→ Work required:
Could you write out the listing below exactly as it stands, leaving out the pictures?

- - -

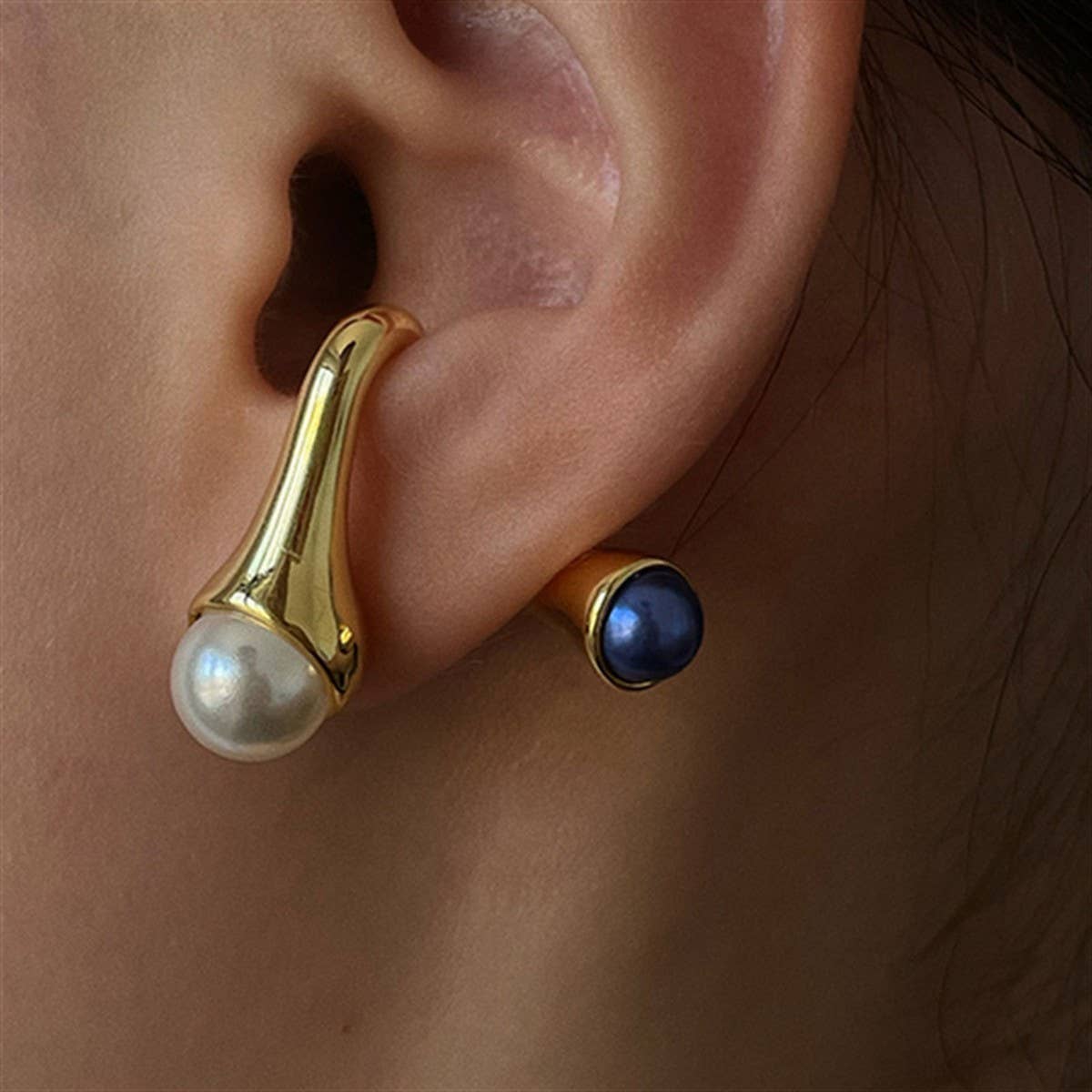 Vintage Layered Natural Stone Pearl Gold Earrings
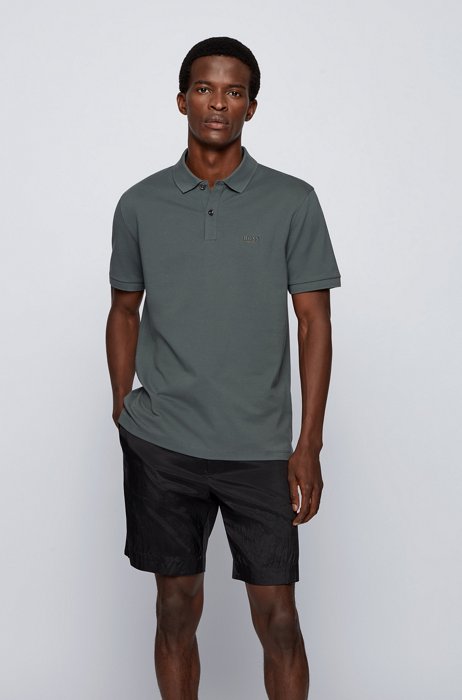 Regular-fit polo shirt in Pima-cotton piqué, Dark Green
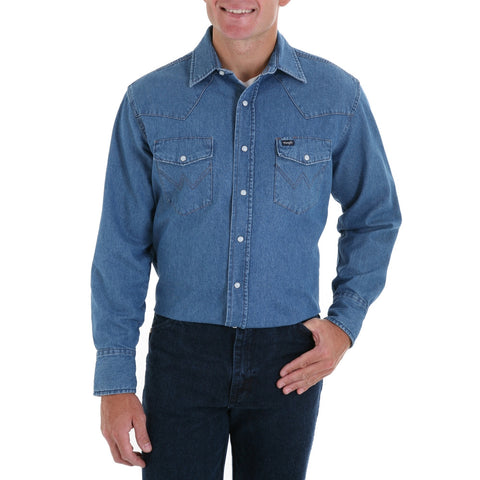 Men’s Authentic Cowboy Cut Work Western Shirts Stonewash - Pete's Town Western Wear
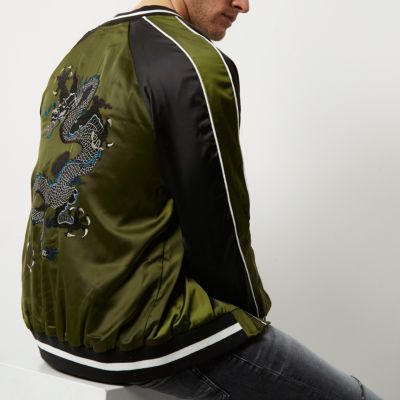 Green dragon embroidered aviator jacket
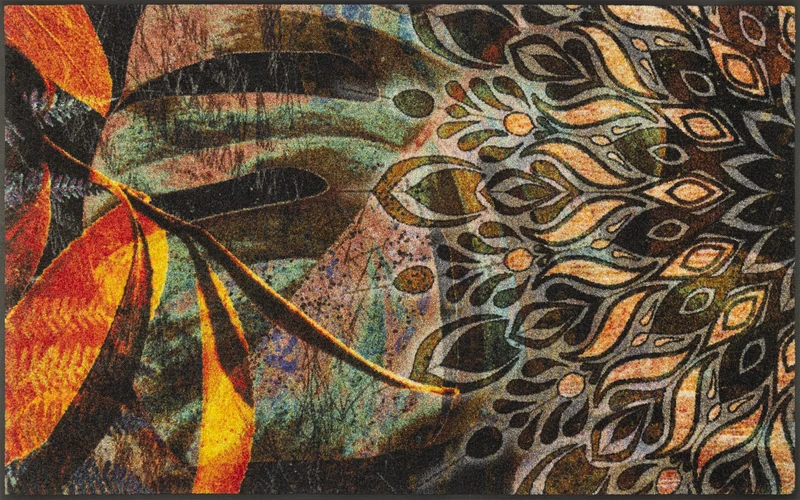 Wash+Dry Jungle Dance Doormat, 75 x 120 cm, Washable for Indoor and Outdoor Use, Colourful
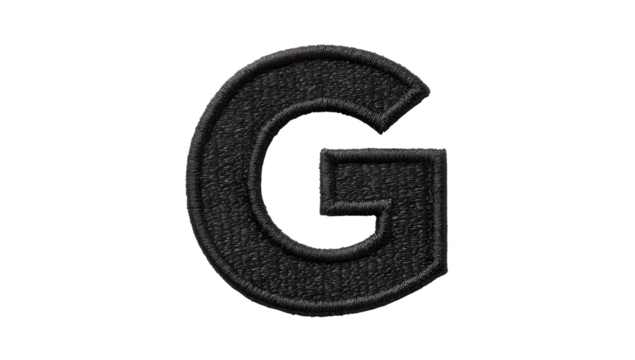 High quality photo of ornate letter g isolated on transparent background.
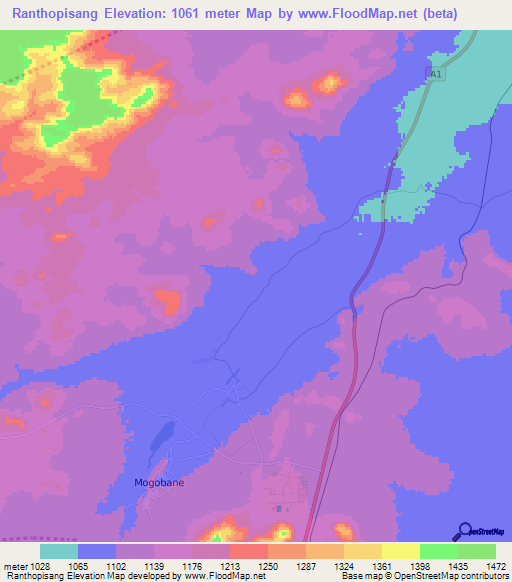 Ranthopisang,Botswana Elevation Map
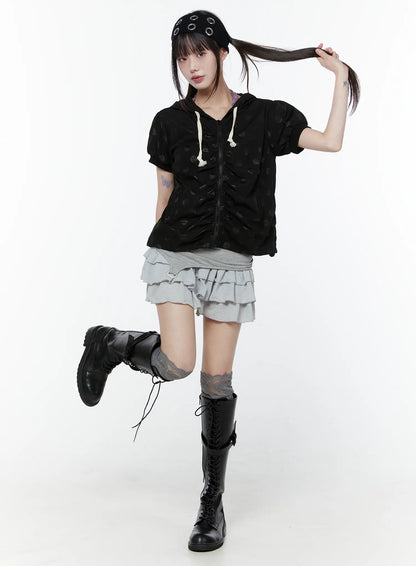 Chic Tiered Ruffle Mini Skirt CU508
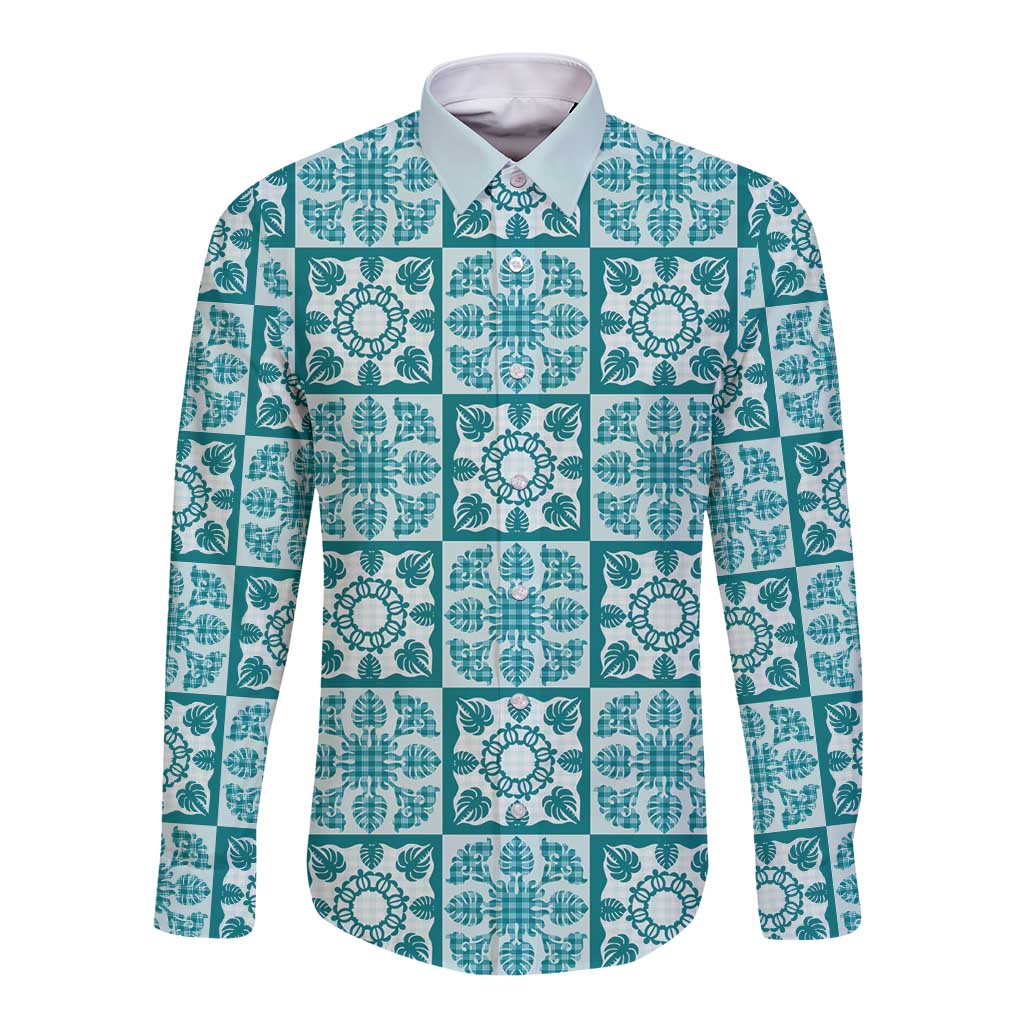 Cyan Palaka Quilt Hawaii Long Sleeve Button Shirt Hawaiian Tropical Monstera Sea Turtle LT14 Unisex Cyan - Polynesian Pride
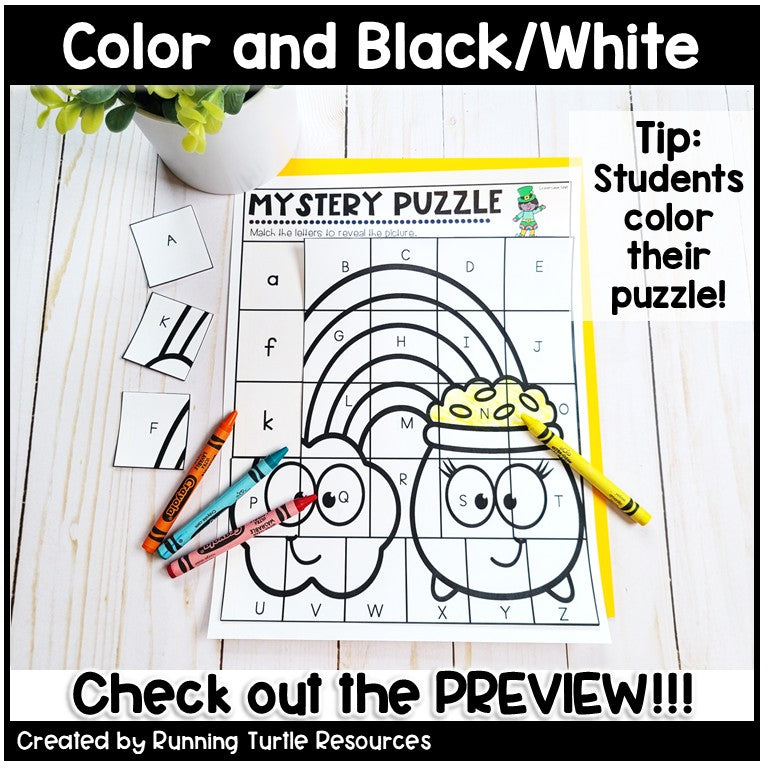 St. Patricks Day Alphabet Mystery Puzzles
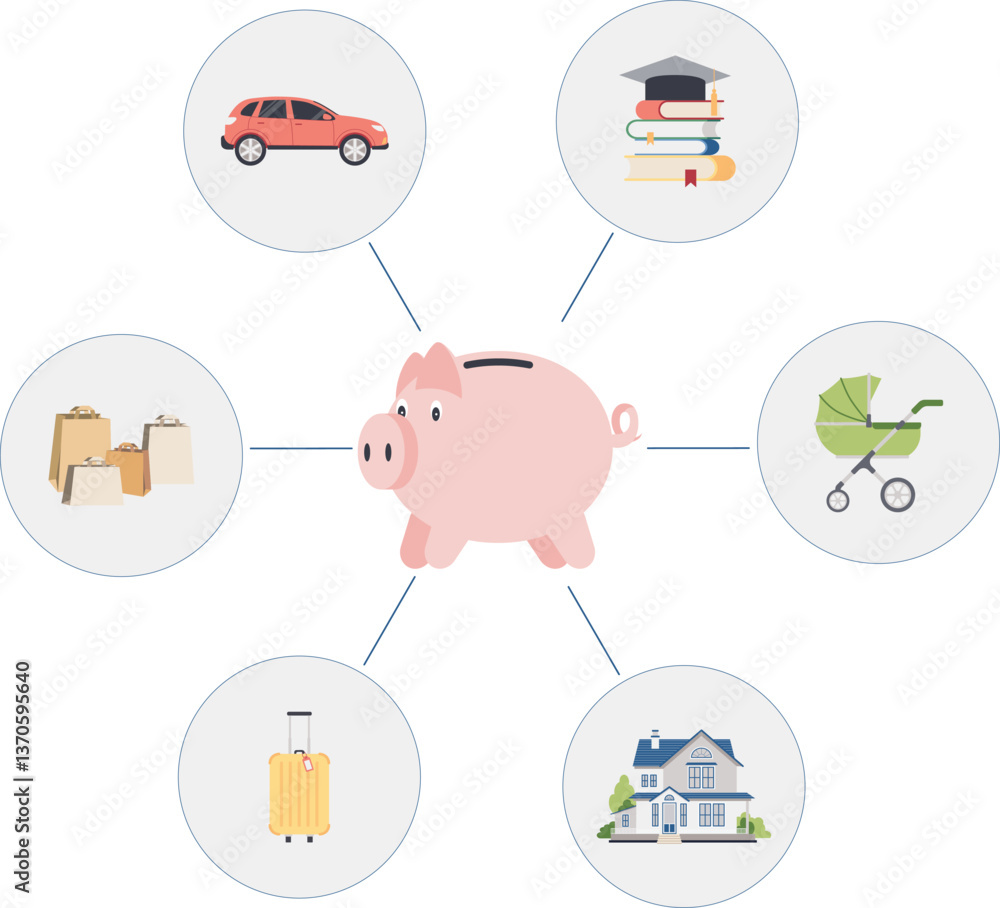 Financial planning concept with piggy bank. Savings. Thoughts on what to spend the money. Hand drawn vector illustration. Financial planning concept with piggy bank. Savings. Thoughts on what to spend the money. Hand drawn vector illustration.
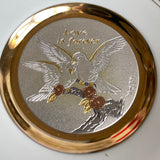 The Art Of Chokin, Dynasty Gallery, "Love is Forever", Love Birds, Trimmed In 24 KT Gold, 6.25 Inch Vintage Collectible Plate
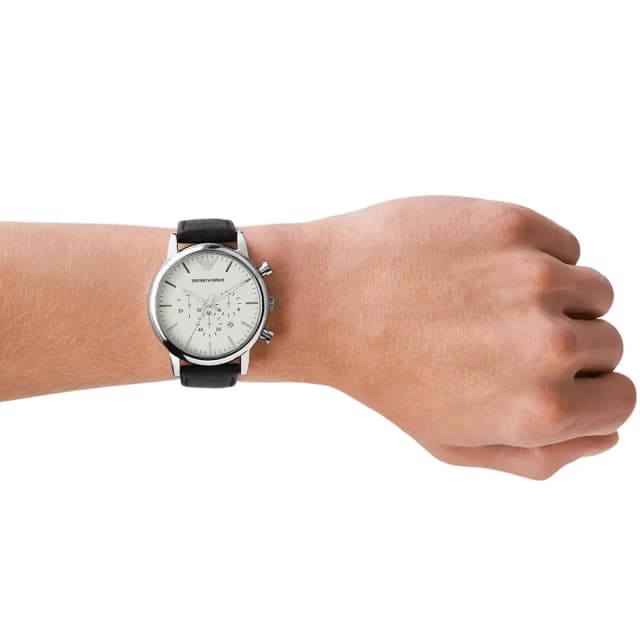 Wrist shot showing Emporio Armani AR1807 worn on hand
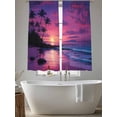 thumbnail image 5 of Summer Beach Sunset Landscape Sheer Curtains 63 Inch Long 2 Panels, Coastal Ocean Palm Tree Red Cloud Wave Light Filtering Rod Pocket Curtains, Sheer Voile Drapes for Living Room Bedroom, 52"x63", 5 of 8
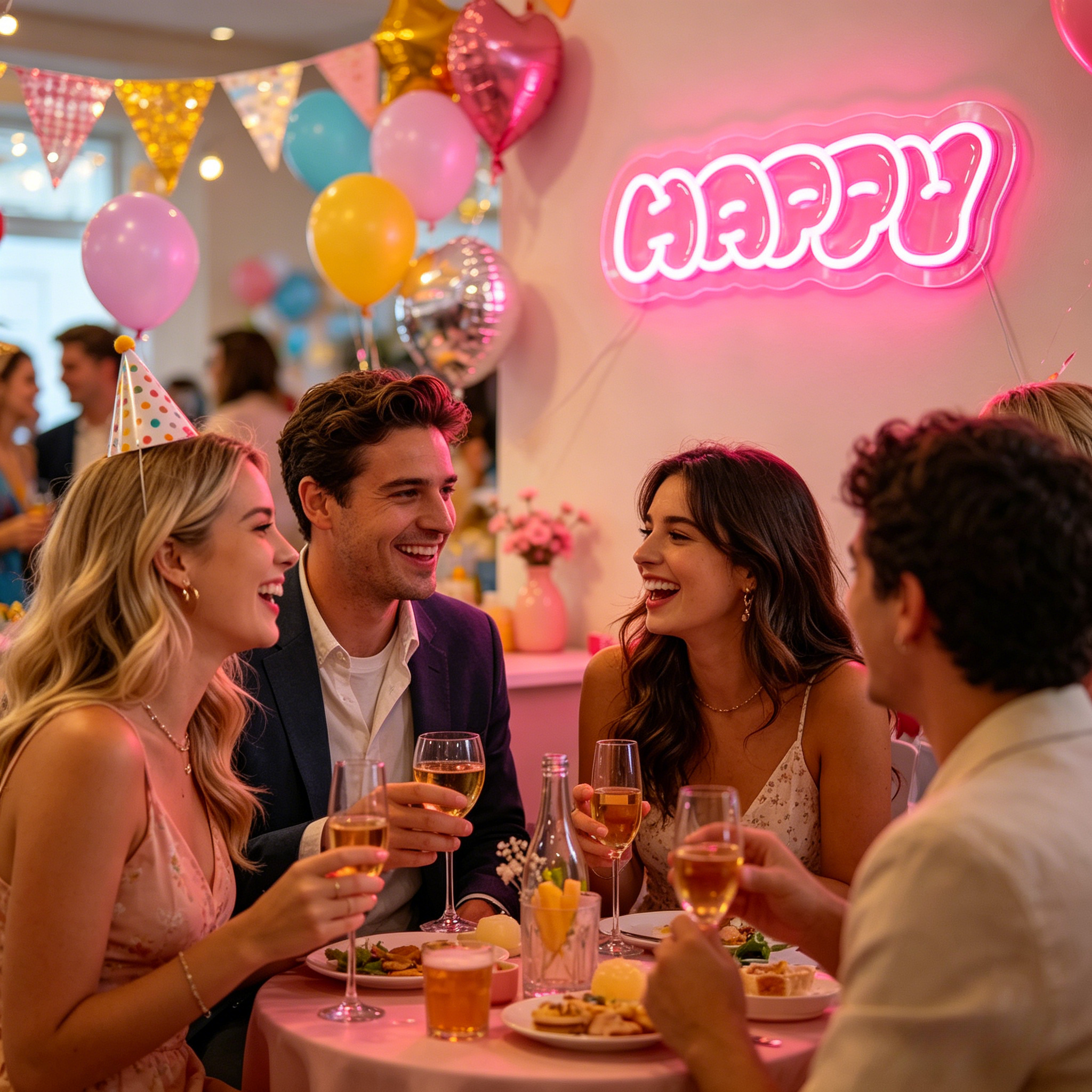Happy Neon Sign LED Wall Art L - Lighting Room Decor Items のレビューと価格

- - -

→ Output of the exercise:
 Vintage Layered Natural Stone Pearl Gold Earrings
 Regular-fit polo shirt in Pima-cotton piqué, Dark Green
 Men’s Authentic Cowboy Cut Work Western Shirts Stonewash - Pete's Town Western Wear
 Green dragon embroidered aviator jacket
 Wash+Dry Jungle Dance Doormat, 75 x 120 cm, Washable for Indoor and Outdoor Use, Colourful
 High quality photo of ornate letter g isolated on transparent background.
 Ranthopisang,Botswana Elevation Map
 Chic Tiered Ruffle Mini Skirt CU508
 Cyan Palaka Quilt Hawaii Long Sleeve Button Shirt Hawaiian Tropical Monstera Sea Turtle LT14 Unisex Cyan - Polynesian Pride
 St. Patricks Day Alphabet Mystery Puzzles
 Financial planning concept with piggy bank. Savings. Thoughts on what to spend the money. Hand drawn vector illustration. Financial planning concept with piggy bank. Savings. Thoughts on what to spend the money. Hand drawn vector illustration.
 The Art Of Chokin, Dynasty Gallery, "Love is Forever", Love Birds, Trimmed In 24 KT Gold, 6.25 Inch Vintage Collectible Plate
 Wrist shot showing Emporio Armani AR1807 worn on hand
 thumbnail image 5 of Summer Beach Sunset Landscape Sheer Curtains 63 Inch Long 2 Panels, Coastal Ocean Palm Tree Red Cloud Wave Light Filtering Rod Pocket Curtains, Sheer Voile Drapes for Living Room Bedroom, 52"x63", 5 of 8
Happy Neon Sign LED Wall Art L - Lighting Room Decor Items のレビューと価格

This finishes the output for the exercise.